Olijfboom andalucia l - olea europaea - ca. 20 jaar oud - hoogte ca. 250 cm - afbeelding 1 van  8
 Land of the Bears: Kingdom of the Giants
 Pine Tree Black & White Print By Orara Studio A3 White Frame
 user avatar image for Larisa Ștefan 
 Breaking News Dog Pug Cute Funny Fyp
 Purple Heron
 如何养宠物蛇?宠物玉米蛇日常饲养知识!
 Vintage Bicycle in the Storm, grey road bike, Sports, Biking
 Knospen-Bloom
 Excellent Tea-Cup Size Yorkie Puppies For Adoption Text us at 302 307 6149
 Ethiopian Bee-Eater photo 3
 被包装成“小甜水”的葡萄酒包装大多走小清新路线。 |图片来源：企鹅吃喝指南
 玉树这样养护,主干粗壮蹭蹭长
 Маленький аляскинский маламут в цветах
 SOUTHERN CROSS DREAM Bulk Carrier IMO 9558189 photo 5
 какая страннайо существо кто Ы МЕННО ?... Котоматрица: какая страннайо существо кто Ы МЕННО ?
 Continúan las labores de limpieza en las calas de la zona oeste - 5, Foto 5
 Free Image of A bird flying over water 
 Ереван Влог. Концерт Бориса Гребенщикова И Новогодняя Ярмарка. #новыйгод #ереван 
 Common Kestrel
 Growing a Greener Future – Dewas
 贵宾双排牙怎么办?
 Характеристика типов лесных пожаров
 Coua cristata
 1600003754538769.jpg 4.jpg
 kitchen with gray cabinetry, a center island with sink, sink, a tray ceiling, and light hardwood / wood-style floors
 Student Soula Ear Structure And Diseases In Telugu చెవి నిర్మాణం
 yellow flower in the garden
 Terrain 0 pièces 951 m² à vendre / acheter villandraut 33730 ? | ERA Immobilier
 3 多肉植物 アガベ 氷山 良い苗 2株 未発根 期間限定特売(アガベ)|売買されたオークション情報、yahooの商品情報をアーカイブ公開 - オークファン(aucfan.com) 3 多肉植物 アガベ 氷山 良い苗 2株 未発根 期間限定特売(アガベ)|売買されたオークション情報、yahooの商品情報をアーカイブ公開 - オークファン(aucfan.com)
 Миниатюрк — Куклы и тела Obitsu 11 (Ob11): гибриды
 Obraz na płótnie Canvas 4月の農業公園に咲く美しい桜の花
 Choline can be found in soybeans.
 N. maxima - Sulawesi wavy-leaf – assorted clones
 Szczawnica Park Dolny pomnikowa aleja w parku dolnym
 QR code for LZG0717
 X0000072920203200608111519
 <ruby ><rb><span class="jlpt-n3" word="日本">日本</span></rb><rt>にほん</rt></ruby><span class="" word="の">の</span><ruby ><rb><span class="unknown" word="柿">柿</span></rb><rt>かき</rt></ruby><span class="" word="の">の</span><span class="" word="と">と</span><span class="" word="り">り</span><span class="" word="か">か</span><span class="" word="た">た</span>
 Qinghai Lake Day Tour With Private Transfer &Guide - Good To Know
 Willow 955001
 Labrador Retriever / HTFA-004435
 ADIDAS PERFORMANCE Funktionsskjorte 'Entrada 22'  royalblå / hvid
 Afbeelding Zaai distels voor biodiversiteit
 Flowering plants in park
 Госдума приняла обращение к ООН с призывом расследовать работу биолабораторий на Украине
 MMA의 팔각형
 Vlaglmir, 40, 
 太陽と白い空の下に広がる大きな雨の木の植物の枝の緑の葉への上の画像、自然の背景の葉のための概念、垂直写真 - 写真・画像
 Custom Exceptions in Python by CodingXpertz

━━━━━━━━━━

▶ [REQUIRED WORK]
In your answer, repeat each line of the material word for word.

▶ [ANSWER SECTION]
Olijfboom andalucia l - olea europaea - ca. 20 jaar oud - hoogte ca. 250 cm - afbeelding 1 van  8
 Land of the Bears: Kingdom of the Giants
 Pine Tree Black & White Print By Orara Studio A3 White Frame
 user avatar image for Larisa Ștefan 
 Breaking News Dog Pug Cute Funny Fyp
 Purple Heron
 如何养宠物蛇?宠物玉米蛇日常饲养知识!
 Vintage Bicycle in the Storm, grey road bike, Sports, Biking
 Knospen-Bloom
 Excellent Tea-Cup Size Yorkie Puppies For Adoption Text us at 302 307 6149
 Ethiopian Bee-Eater photo 3
 被包装成“小甜水”的葡萄酒包装大多走小清新路线。 |图片来源：企鹅吃喝指南
 玉树这样养护,主干粗壮蹭蹭长
 Маленький аляскинский маламут в цветах
 SOUTHERN CROSS DREAM Bulk Carrier IMO 9558189 photo 5
 какая страннайо существо кто Ы МЕННО ?... Котоматрица: какая страннайо существо кто Ы МЕННО ?
 Continúan las labores de limpieza en las calas de la zona oeste - 5, Foto 5
 Free Image of A bird flying over water 
 Ереван Влог. Концерт Бориса Гребенщикова И Новогодняя Ярмарка. #новыйгод #ереван 
 Common Kestrel
 Growing a Greener Future – Dewas
 贵宾双排牙怎么办?
 Характеристика типов лесных пожаров
 Coua cristata
 1600003754538769.jpg 4.jpg
 kitchen with gray cabinetry, a center island with sink, sink, a tray ceiling, and light hardwood / wood-style floors
 Student Soula Ear Structure And Diseases In Telugu చెవి నిర్మాణం
 yellow flower in the garden
 Terrain 0 pièces 951 m² à vendre / acheter villandraut 33730 ? | ERA Immobilier
 3 多肉植物 アガベ 氷山 良い苗 2株 未発根 期間限定特売(アガベ)|売買されたオークション情報、yahooの商品情報をアーカイブ公開 - オークファン(aucfan.com) 3 多肉植物 アガベ 氷山 良い苗 2株 未発根 期間限定特売(アガベ)|売買されたオークション情報、yahooの商品情報をアーカイブ公開 - オークファン(aucfan.com)
 Миниатюрк — Куклы и тела Obitsu 11 (Ob11): гибриды
 Obraz na płótnie Canvas 4月の農業公園に咲く美しい桜の花
 Choline can be found in soybeans.
 N. maxima - Sulawesi wavy-leaf – assorted clones
 Szczawnica Park Dolny pomnikowa aleja w parku dolnym
 QR code for LZG0717
 X0000072920203200608111519
 <ruby ><rb><span class="jlpt-n3" word="日本">日本</span></rb><rt>にほん</rt></ruby><span class="" word="の">の</span><ruby ><rb><span class="unknown" word="柿">柿</span></rb><rt>かき</rt></ruby><span class="" word="の">の</span><span class="" word="と">と</span><span class="" word="り">り</span><span class="" word="か">か</span><span class="" word="た">た</span>
 Qinghai Lake Day Tour With Private Transfer &Guide - Good To Know
 Willow 955001
 Labrador Retriever / HTFA-004435
 ADIDAS PERFORMANCE Funktionsskjorte 'Entrada 22'  royalblå / hvid
 Afbeelding Zaai distels voor biodiversiteit
 Flowering plants in park
 Госдума приняла обращение к ООН с призывом расследовать работу биолабораторий на Украине
 MMA의 팔각형
 Vlaglmir, 40, 
 太陽と白い空の下に広がる大きな雨の木の植物の枝の緑の葉への上の画像、自然の背景の葉のための概念、垂直写真 - 写真・画像
 Custom Exceptions in Python by CodingXpertz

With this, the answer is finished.